The introduction of case management has potential to achieve safe and equitable out-of-hospital care for patients who call the emergency ambulance service frequently, whilst avoiding shifting patients to another part of the emergency care system without their needs being met. However, additional research is required to determine whether case management is effective in practice in this setting [20, 28]. The recently funded quasi-experimental STRETCHED study (National Institute of Health Research (NIHR) HS&DR 180302) investigates the effectiveness of case management approaches for people who make high use of the emergency ambulance service. We will investigate what helps case management to work, and what hinders the implementation and effective functioning of this model.
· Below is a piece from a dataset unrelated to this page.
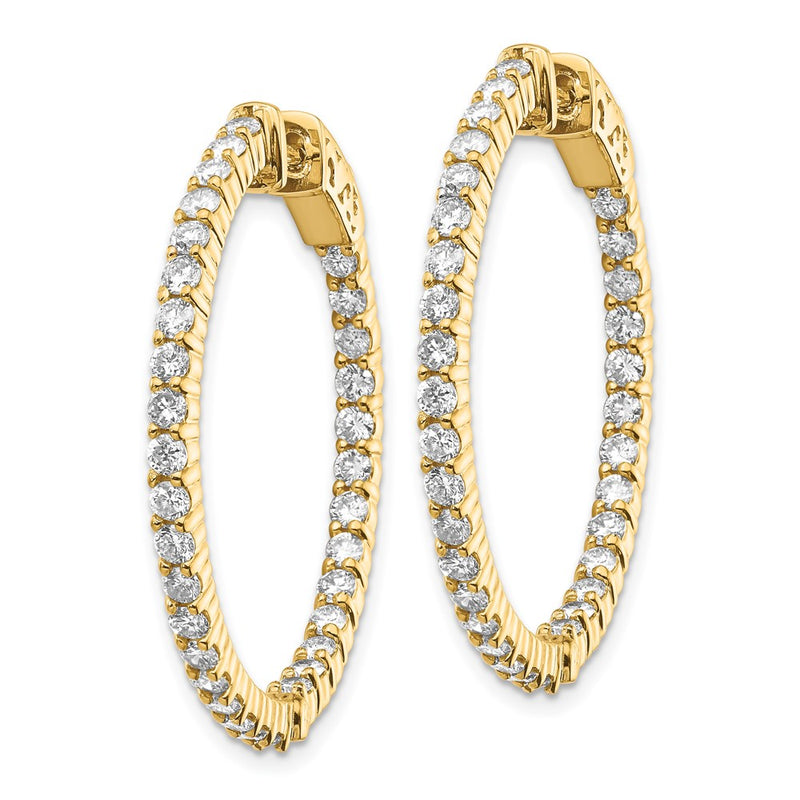 14k Yellow Gold Diamond Round Hoop w/Safety Clasp Earrings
Results of the STRETCHED evaluation will inform policy and practice to support people who make high use of the emergency ambulance service. Many services have implemented case management approaches in at least one area, but with limited evidence of effectiveness of efficiency.

Conclusions

Ambulance services are under pressure to meet challenging response times for high acuity patients. Tensions are apparent in the provision of care to patients who have complex needs and call frequently. Within service care focused mainly on reducing calls whilst multi-disciplinary case management aimed to resolve clinical and emotional needs of patients. However, there is currently inadequate evidence to inform commissioning, policy or practice development.